Why left-brain right-brain communication is so important and what it means for the anxious person

Here are a few examples of what can happen when we experience the integration of our left and right brain experience:

One individual who experienced himself as “a Samurai warrior with my sword at the ready” on one side was amazed and comforted to experience himself as “a shepherd tending my flock” on the other side.

The “Samurai” view of himself was so dominant that it kept him in a state of constant vigilance unable to enjoy his life. Connecting and acknowledging his “shepherd” view enabled him to leave a high-pressured job and become – you guessed it – a shepherd.
Today he’s a successful sheep farmer.

Then there was the anxious test taker with the right-brain view that he couldn’t possibly pass the test for which he had studied so hard.
He had failed this test before and on other occasions chose to avoid it altogether rather than risk another failure experience.

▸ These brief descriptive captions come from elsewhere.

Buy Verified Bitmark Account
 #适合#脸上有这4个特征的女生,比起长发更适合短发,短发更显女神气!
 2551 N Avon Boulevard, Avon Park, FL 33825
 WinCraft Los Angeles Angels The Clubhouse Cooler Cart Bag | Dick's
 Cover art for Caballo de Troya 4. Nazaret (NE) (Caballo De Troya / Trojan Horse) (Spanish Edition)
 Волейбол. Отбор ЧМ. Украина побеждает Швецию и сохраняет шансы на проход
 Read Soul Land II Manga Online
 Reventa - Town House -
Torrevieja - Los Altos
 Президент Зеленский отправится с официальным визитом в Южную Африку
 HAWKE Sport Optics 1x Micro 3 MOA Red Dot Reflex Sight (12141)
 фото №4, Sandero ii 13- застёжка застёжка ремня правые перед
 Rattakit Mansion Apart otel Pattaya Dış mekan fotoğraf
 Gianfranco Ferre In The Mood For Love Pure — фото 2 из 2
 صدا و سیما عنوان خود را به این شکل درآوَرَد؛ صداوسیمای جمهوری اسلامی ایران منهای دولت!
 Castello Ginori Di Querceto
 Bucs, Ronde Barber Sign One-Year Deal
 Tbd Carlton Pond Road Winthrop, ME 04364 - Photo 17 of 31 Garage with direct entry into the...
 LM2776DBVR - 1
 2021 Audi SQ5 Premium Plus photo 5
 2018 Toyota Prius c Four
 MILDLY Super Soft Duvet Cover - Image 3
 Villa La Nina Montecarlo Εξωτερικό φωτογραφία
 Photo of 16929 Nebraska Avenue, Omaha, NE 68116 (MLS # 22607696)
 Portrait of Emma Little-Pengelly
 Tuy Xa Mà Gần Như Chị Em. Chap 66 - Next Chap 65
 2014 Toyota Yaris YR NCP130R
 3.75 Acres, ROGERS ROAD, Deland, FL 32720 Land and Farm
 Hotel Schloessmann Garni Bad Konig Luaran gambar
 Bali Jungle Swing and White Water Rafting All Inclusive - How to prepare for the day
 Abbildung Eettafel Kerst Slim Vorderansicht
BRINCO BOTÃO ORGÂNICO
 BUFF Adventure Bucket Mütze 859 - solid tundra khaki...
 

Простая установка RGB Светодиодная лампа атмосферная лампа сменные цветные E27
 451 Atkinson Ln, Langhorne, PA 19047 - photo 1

However, when he raised the right-side window and accessed his left brain view he was immediately able to tell me, “Not a problem, I know the stuff.” And know the stuff he did – three days later he passed the test, was promoted and got a hefty raise.

9/11, 9/11, 9/11, will it ever end?

Her office was not located in the “twin towers” but when they fell they buried her office seven stories beneath the ground.

Living in a hi-rise apartment on the East River she had enjoyed a spectacular view of lower Manhattan and the World Trade Center every morning before she travelled downtown to work in its shadow.
On the mornings following 9/11 she would waken with severe anxiety, look from her window and experience extreme dread. Now, putting on the NeuView Glasses, raising the side opening she could feel the anxiety subsiding. It didn’t vanish, but it came down to a level where she felt hat she could return to work. No, life would never be the same, but it would go on and so would she.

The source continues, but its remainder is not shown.